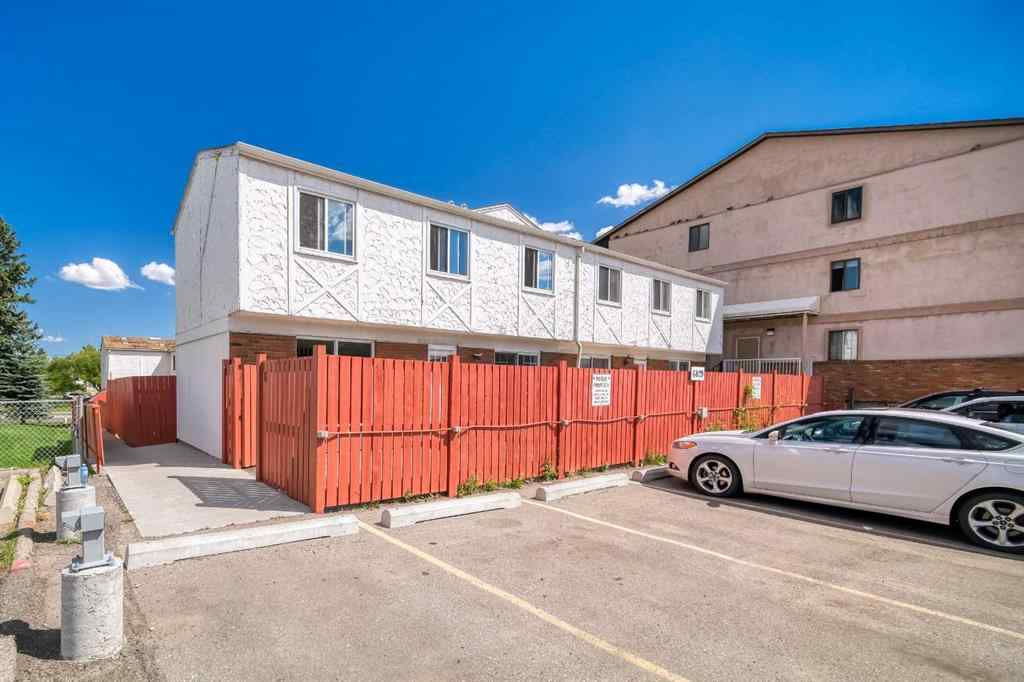 MLS® A2249587 - Unit #6 6829 Centre Street NW in Huntington Hills Calgary, Residential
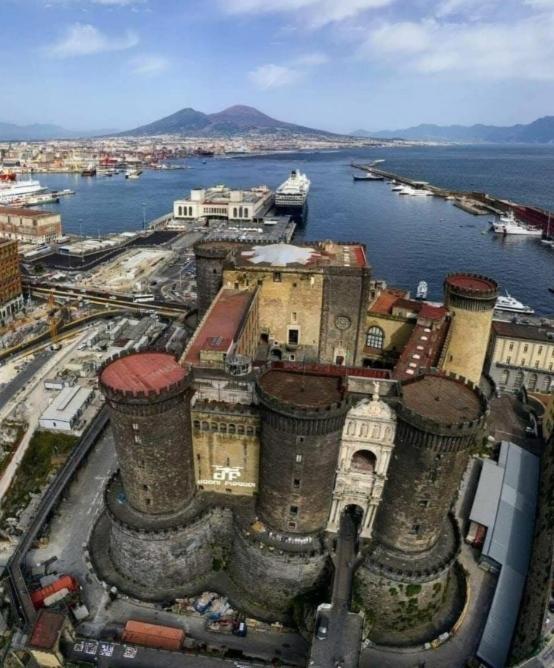 Holiday home Napoli&love Bovio Centro Storico Naples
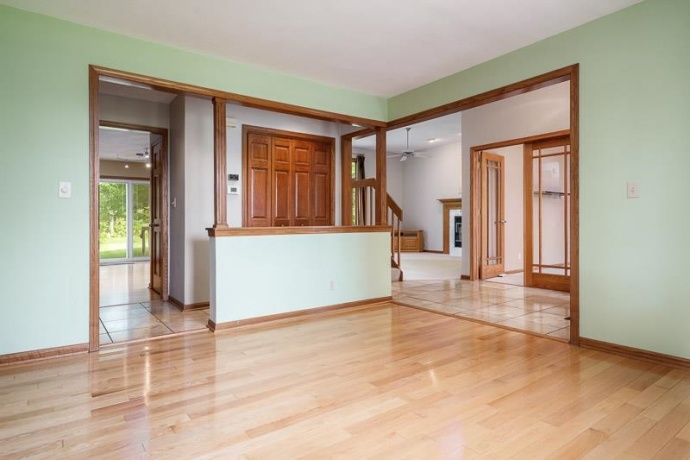8833 West Ridge, BELVIDERE, Illinois 61008, 4 Bedrooms Bedrooms, ,2 BathroomsBathrooms,House,For Sale,West Ridge,202602764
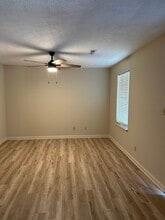 5425 Jacksboro Pike, Unit B in Knoxville, TN - Building Photo - Building Photo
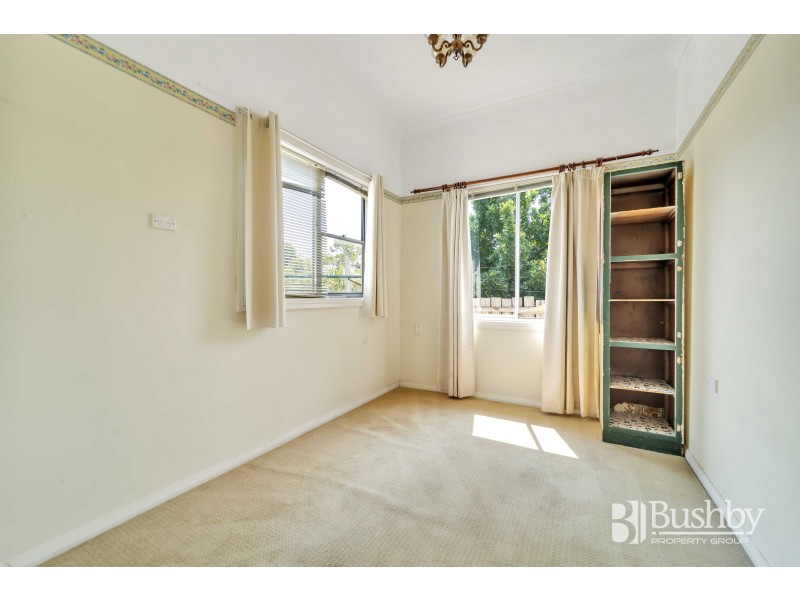 21 Birdwood Street, Mowbray TAS 7248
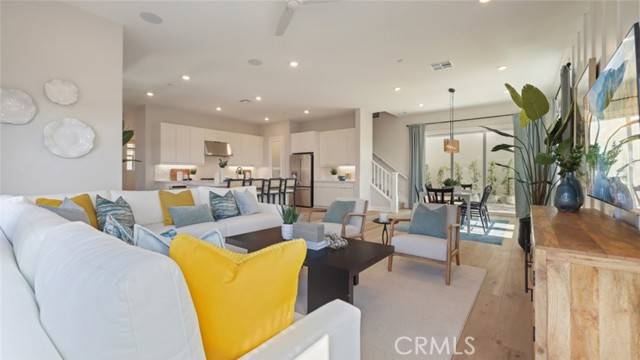 116 Tiffin, Irvine, CA 92618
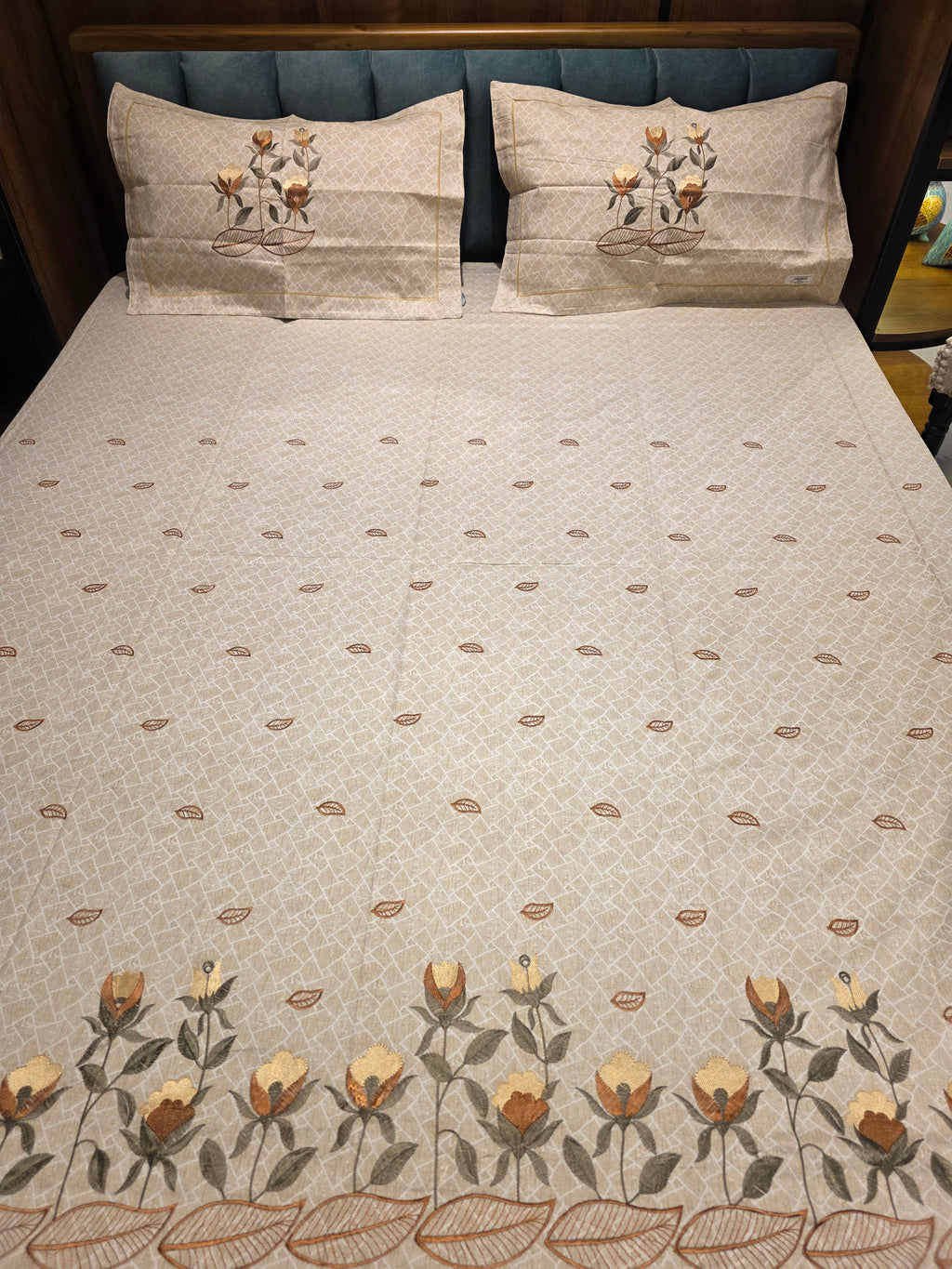 King Size Embroidered Bedsheet Set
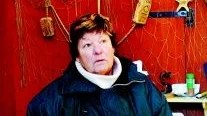 Fiskhandel. Birgitta Svensson, som säljer fisk på Fiskaretorget, kommer fortsätta äta östersjöfisk. Det har hon gjort hela livet och tycker hon mår bra av fisk. FOTO: MATILDA AHL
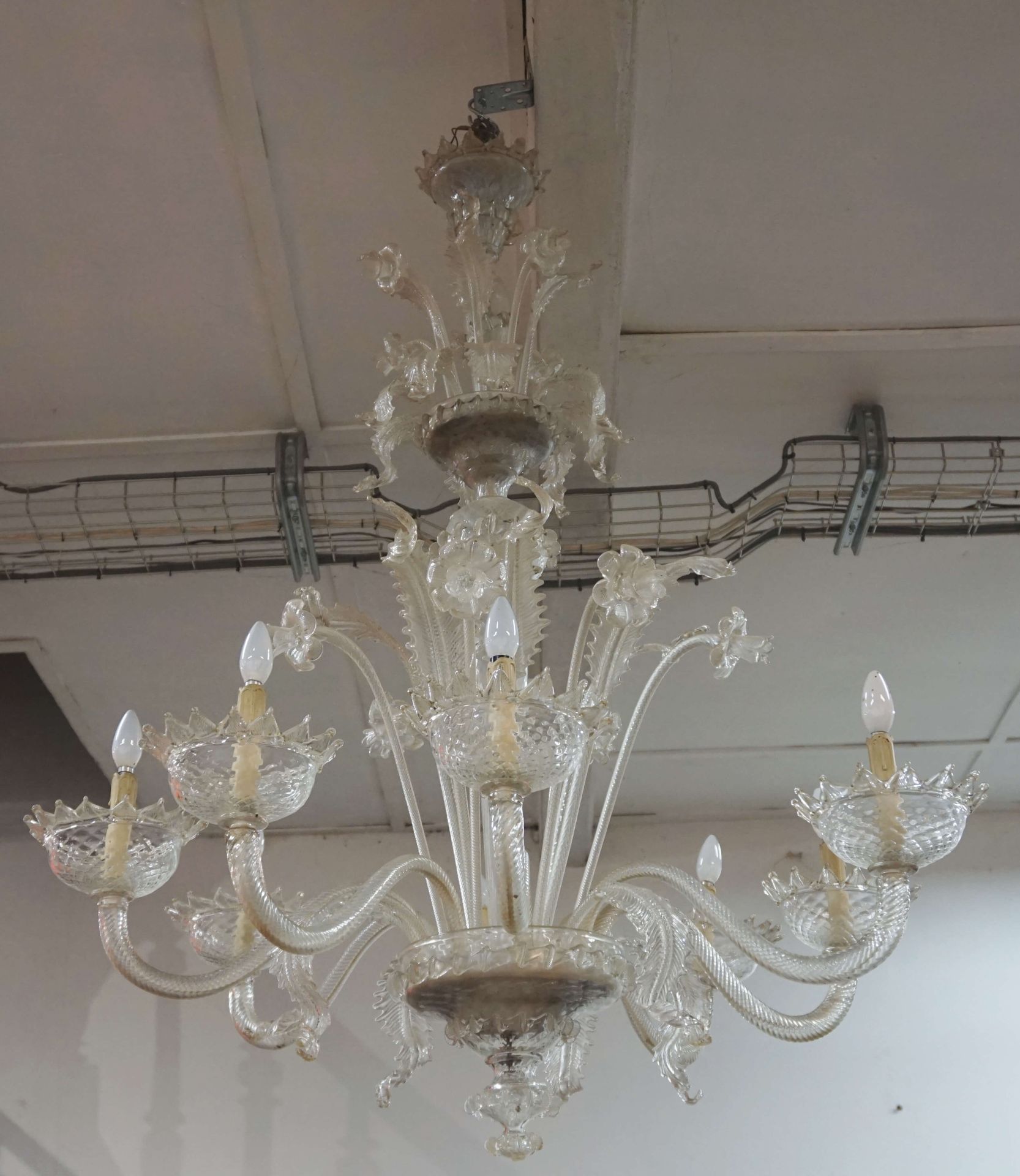 Null Chandelier in glass of Venice. 2 missing palms. H: 140 cm D: 115 cm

## [WHAT IS EXPECTED]
Return the full listing above verbatim, please, but without its images.

## [YOUR RESPONSE]
 MLS® A2249587 - Unit #6 6829 Centre Street NW in Huntington Hills Calgary, Residential
 Holiday home Napoli&love Bovio Centro Storico Naples
8833 West Ridge, BELVIDERE, Illinois 61008, 4 Bedrooms Bedrooms, ,2 BathroomsBathrooms,House,For Sale,West Ridge,202602764
 5425 Jacksboro Pike, Unit B in Knoxville, TN - Building Photo - Building Photo
 21 Birdwood Street, Mowbray TAS 7248
 116 Tiffin, Irvine, CA 92618
 King Size Embroidered Bedsheet Set
 Fiskhandel. Birgitta Svensson, som säljer fisk på Fiskaretorget, kommer fortsätta äta östersjöfisk. Det har hon gjort hela livet och tycker hon mår bra av fisk. FOTO: MATILDA AHL
 Null Chandelier in glass of Venice. 2 missing palms. H: 140 cm D: 115 cm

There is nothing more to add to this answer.